Data excerpts:
========

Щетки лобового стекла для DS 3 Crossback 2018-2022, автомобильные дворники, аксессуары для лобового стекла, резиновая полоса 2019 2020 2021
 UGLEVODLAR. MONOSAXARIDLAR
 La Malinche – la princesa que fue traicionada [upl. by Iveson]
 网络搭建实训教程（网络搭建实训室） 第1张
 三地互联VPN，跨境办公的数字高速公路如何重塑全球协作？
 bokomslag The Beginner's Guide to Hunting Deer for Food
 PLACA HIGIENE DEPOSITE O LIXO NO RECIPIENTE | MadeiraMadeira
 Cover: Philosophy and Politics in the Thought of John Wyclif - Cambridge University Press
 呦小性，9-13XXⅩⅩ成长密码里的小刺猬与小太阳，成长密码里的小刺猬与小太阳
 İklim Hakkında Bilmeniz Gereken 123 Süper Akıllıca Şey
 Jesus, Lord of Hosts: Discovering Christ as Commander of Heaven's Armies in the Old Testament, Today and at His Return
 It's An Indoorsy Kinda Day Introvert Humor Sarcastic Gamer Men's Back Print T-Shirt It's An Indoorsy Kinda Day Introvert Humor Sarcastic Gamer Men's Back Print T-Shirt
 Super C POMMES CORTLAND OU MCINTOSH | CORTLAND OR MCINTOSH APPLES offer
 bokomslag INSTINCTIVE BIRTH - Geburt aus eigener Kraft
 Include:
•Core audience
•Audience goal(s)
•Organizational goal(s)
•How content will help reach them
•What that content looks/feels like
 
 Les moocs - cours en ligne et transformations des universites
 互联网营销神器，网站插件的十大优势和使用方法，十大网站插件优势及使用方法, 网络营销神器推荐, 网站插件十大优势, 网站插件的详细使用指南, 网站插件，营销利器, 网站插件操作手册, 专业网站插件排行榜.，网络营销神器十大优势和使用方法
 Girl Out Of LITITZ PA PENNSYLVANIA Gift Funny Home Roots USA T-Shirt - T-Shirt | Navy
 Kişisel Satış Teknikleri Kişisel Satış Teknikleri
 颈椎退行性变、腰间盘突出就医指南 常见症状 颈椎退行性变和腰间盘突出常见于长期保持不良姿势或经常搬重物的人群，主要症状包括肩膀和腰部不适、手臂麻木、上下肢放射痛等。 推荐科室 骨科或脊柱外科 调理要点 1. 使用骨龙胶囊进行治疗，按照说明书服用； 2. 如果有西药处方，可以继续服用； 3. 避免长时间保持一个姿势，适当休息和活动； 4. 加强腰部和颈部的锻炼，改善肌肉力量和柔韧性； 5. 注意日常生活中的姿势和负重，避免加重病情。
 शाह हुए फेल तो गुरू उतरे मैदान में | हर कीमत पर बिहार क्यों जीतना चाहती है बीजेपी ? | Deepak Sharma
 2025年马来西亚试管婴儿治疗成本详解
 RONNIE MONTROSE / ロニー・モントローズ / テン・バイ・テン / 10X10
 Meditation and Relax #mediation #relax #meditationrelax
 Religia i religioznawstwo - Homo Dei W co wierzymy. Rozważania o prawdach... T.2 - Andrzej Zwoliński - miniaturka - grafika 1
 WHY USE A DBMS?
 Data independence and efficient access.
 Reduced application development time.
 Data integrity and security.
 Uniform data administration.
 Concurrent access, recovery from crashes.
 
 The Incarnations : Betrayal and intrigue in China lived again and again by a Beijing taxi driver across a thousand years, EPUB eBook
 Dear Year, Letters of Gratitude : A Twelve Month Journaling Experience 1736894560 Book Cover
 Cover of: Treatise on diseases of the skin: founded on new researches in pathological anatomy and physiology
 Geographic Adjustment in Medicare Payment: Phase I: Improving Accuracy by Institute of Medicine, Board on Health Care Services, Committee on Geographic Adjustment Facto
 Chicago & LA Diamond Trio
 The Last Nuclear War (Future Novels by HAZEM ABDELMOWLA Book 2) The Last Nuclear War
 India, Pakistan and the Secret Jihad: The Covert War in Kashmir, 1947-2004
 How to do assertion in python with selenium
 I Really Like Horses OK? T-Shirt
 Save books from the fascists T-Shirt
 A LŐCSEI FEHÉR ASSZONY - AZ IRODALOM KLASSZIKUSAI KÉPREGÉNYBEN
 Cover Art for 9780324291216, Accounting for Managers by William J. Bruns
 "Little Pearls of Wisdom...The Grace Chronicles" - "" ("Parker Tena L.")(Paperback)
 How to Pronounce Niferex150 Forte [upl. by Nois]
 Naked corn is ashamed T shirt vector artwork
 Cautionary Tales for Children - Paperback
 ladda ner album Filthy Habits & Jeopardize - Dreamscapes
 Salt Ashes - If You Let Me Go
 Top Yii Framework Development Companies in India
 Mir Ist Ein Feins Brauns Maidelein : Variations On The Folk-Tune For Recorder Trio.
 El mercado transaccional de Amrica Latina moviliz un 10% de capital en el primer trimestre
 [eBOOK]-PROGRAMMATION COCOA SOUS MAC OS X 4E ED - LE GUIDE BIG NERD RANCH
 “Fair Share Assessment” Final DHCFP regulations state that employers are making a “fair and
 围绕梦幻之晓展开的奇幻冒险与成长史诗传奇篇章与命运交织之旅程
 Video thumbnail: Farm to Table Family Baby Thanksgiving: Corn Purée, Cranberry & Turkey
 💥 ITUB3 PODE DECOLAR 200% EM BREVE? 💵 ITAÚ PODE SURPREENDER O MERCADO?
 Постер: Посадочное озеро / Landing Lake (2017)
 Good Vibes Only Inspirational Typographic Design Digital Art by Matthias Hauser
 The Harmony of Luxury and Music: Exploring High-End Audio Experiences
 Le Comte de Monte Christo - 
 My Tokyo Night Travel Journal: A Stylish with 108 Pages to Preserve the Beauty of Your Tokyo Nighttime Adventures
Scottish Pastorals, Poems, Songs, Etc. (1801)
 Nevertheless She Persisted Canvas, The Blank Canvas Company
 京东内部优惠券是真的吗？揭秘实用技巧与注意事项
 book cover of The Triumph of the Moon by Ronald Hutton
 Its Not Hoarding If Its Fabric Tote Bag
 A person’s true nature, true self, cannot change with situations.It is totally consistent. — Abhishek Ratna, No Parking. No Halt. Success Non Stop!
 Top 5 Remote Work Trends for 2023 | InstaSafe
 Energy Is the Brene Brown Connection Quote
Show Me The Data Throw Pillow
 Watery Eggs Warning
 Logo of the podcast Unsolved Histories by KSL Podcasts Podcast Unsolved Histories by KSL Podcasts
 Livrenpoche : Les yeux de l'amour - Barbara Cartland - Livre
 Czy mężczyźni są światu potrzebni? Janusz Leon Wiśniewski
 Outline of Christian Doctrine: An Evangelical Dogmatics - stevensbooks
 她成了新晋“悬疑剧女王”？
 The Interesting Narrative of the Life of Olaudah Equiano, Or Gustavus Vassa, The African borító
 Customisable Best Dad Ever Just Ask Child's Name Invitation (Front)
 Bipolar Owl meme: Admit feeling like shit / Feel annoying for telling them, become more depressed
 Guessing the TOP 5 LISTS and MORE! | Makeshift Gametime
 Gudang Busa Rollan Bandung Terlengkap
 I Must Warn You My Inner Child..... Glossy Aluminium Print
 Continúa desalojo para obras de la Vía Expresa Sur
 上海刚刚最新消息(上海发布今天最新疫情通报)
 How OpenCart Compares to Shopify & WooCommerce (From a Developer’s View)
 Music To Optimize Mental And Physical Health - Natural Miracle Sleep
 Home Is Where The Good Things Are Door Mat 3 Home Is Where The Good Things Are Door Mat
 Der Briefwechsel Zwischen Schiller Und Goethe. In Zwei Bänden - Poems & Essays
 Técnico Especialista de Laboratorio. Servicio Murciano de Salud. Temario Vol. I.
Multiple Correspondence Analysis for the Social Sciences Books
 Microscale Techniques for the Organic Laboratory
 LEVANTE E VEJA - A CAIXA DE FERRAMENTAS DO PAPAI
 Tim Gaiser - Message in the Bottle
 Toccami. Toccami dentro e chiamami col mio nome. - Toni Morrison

========

▸ Exercise instructions
For each line above that has the word "Music", add one to a tally, and report the final tally alone.

▸ Reply to the exercise
2